For students of the Cold War space race, the LK is somewhat of a mystic object. During the 1960s the Soviet leadership never confirmed that they were racing the Americans to the Moon. It was in their nature to be secretive about their space activities, but this secrecy might have been encouraged by the fact that they knew—when their space leaders experienced infrequent moments of clarity—that they were doing badly. Like an Olympic runner who has gotten out of shape, they may not have wanted to admit that they were even trying.

Once the Americans landed on the Moon, it became common for the Soviet leadership to deny that they had been in a race at all. The Americans were foolish, they claimed, and wasted a lot of money racing themselves. In contrast, the wise Soviets instead used robotic spacecraft to return lunar samples and rove the surface. Despite the fact that there were also contradictory statements from Soviet officials and even cosmonauts, this narrative gained traction in the Western media, and even space fan Walter Cronkite embraced it. Any American evidence to the contrary, in the form of reconnaissance photos of the massive Moon rocket launch site at the Baikonur Cosmodrome, was highly classified.

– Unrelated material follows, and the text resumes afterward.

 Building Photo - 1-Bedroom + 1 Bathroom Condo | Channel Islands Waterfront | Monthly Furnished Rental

In August 1989 the Soviet newspaper Izvestia published an article with substantial details about the N-1 lunar rocket program. Rough translations quickly appeared in the West. But a bigger revelation happened in November 1989 when a group of engineering professors from the Massachussetts Institute of Technology and California Institute of Technology visited the Moscow Aviation Institute and saw a strange-looking craft.

An MIT engineer, Laurence R. Young, recounted the visit in an interview with John Noble Wilford, of the New York Times. “It was one of the most dramatic moments that I can remember,” Young said. “I said, ‘What is that?’ And they said, ‘Oh, that is the lunar lander.’ All the pieces were there, and they explained to us which part was connected to which other.” It was not a mockup, but flight hardware. MIT acting dean of engineering Jack L. Kerrebrock returned the next day and took photographs. The photos were soon published in various media and suddenly Westerners—and the Russian public as well—saw what the Soviet Union had been trying to do, and had kept hidden for decades.

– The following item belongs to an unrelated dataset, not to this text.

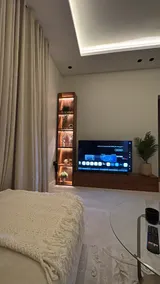 Modern Studio | Self Check-in A19 - Image 2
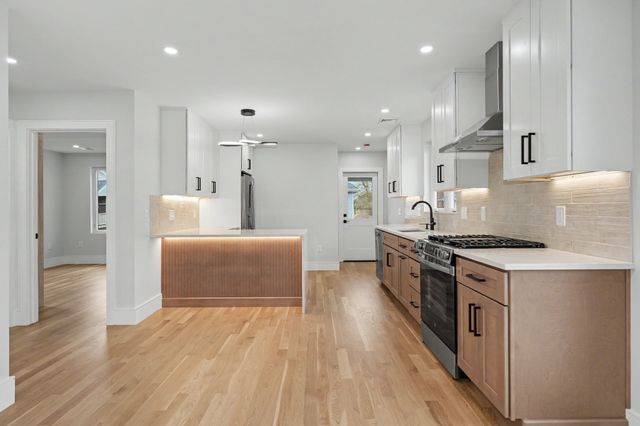 17-19 Drew Road 2, Belmont, MA 02478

Godspeed, Lunniy Korabl, it was great to finally meet you.

The descriptions of the Soviet lunar effort that emerged in the late 1980s and early 1990s were garbled and not totally accurate. For example, the initial account that the visiting MIT group was told was that the Soviet lunar mission would have involved two rocket launches and a rendezvous in orbit. This was untrue and it took several years for a more accurate account to emerge. The most authoritative Western account came in 2000 with Asif Siddiqi’s monumental book Challenge to Apollo. Although much new material has emerged since then, Siddiqi’s book remains the best English-language source on that subject. In a sign of how much had changed since the Cold War space race, Siddiqi’s book was published by NASA, a sign of respect to the agency’s former rivals.

Relations between Russia and the United States have soured in recent years. But politics is often cyclical, and the current chill will eventually thaw… someday. Perhaps when that happens, the lunar ship will again venture out on another voyage, not into space, but to another country, where space enthusiasts of a certain age can look at it in wonder, and dismay. Considering the rickety nature of the craft, it is better suited to horizontal travel than vertical. Godspeed, Lunniy Korabl, it was great to finally meet you.